Siguiendo con ese aparente,
inadvertido pero simbólico triunfo del
paganismo, y sin dejar, al menos por el momento, esa genuina magia de
atracción del agua y sus criaturas asociadas, bueno es detenerse un instante y
pensar en aquéllas historias cantadas por los
grandes bardos del Camino. Uno de ellos fue, qué duda cabe, ese inquieto y
viajero cronista mindoniense, Álvaro Cunqueiro –aquél, que entre su prolífica
prosa, dio vida a la fascinante novela Merlín
y familia, ambientada en su maravillosa Galicia-, a través de cuyas
crónicas y reflexiones, uno siempre recuerda que el Camino –y vuelvo a insistir en lo que ya comentara anteriormente,
con respecto a las fuentes-, es un lugar de encuentros insólitos, de sucesos
prodigiosos y de señales más o menos certeras, donde recuperar la venerable
mediatidad de los viejos mitos que siempre han acompañado a la humanidad como
una segunda sombra.
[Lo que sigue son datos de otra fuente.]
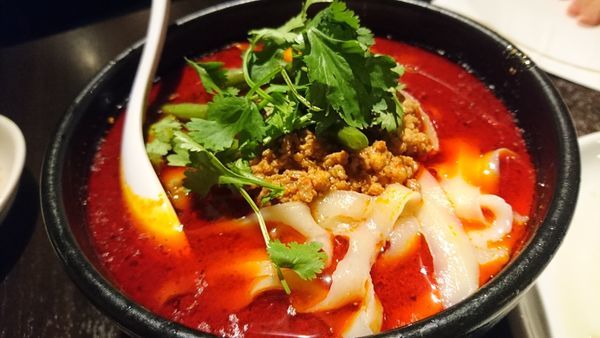 「麻辣刀削麺」@刀削麺 張家 麹町店の写真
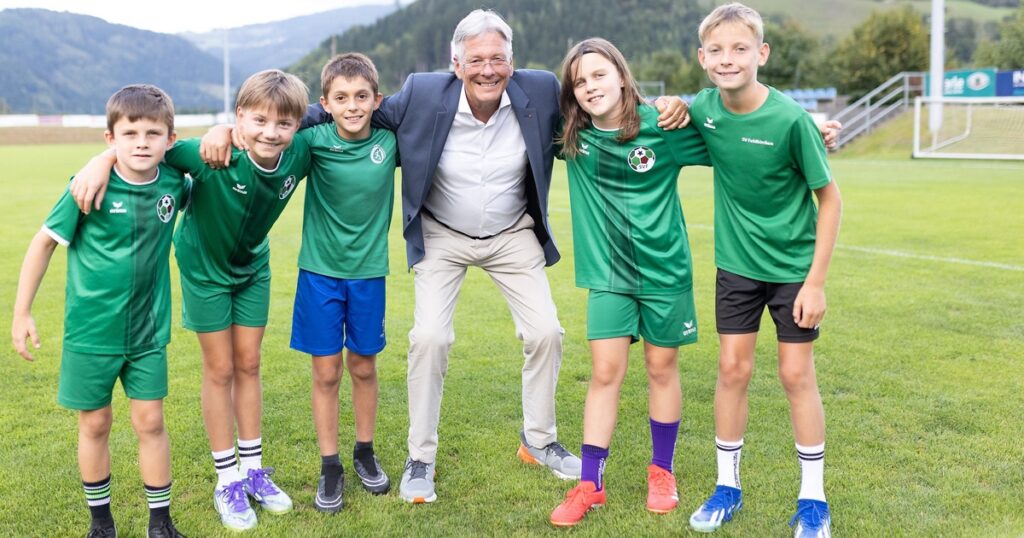 Sportzentrum Feldkirchen hat neues Vereinshaus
Tan antiguo como los mitos de la Creación, el tema de las
sirenas, así mismo, ha despertado siempre las más encontradas de las fantasías,
hasta el punto de que hombres ilustrados, como el padre Benito Feijoo –que independientemente
de que sea discutible, la credulidad no tiene por qué ser sinónimo de
ignorancia o de tachón cultural-, creía en ellas a pies juntillas, cual Ulises
cuyos oídos se hubieran dejado eternamente encandilar por la pasión generada por
sus embriagadoras e irresistibles canciones. Pero no deja de ser simbólicamente
fascinante el tema, además –porque de hecho, recoge uno de los interminables
mitos asociados a ese arte tan afín a los caminos, que fue el románico, que
tanta pasión genera hoy en día, pero que tan vilmente ha sido vapuleado por la
incomprensión y la ignorancia a lo largo de los siglos-, si lo meditamos bajo el punto de vista de esa
visión de Cunqueiro, cuando nos habla de la encantada Ayfir, sirena del agua, y nos plantea, a continuación, la pregunta
clave del origen del mito: ¿no se llevará agua al aire, para morar allá esos
siete años en que es como ave ? (1). Llegados a este punto, reconozco que no
soy muy peregrino en mi ciudad –quizás sea mejor profeta en tierra ajena-,
aunque no obstante, sí es cierto que en ocasiones, dejando el hatillo en casa
pero colgándome las cámaras al hombro sin más compañía que mis más fieles
compañeros de camino , que no son otros que la pluma y la libreta, me acerco
hasta ese rincón donde habita la fantasía, el parque del Retiro –creo que nunca
un nombre ha sido más apropiado para un parque, si exceptuamos aquél otro del
Capricho, donde la nobleza madrileña saciaba su hambre de fantasía a golpe de
talonario-, y acercándome hasta el Gran Estanque, contemplo melancólico a
aquéllas desgraciadas sirenas que una maldición convirtió en bronce para toda
la eternidad. Y cuando esto ocurre –tachesemé si se quiere de costumbrista-,
recuerdo que, observando su infinita tristeza, siempre me hago la misma
pregunta: ¿no será por añoranza a esa libertad absoluta que tenían cuando
fueron aves?.
(1) Álvaro Cunqueiro: 'Los otros caminos', Tusquets Editores, S.A., 2ª edición, Barcelona, julio de 2004.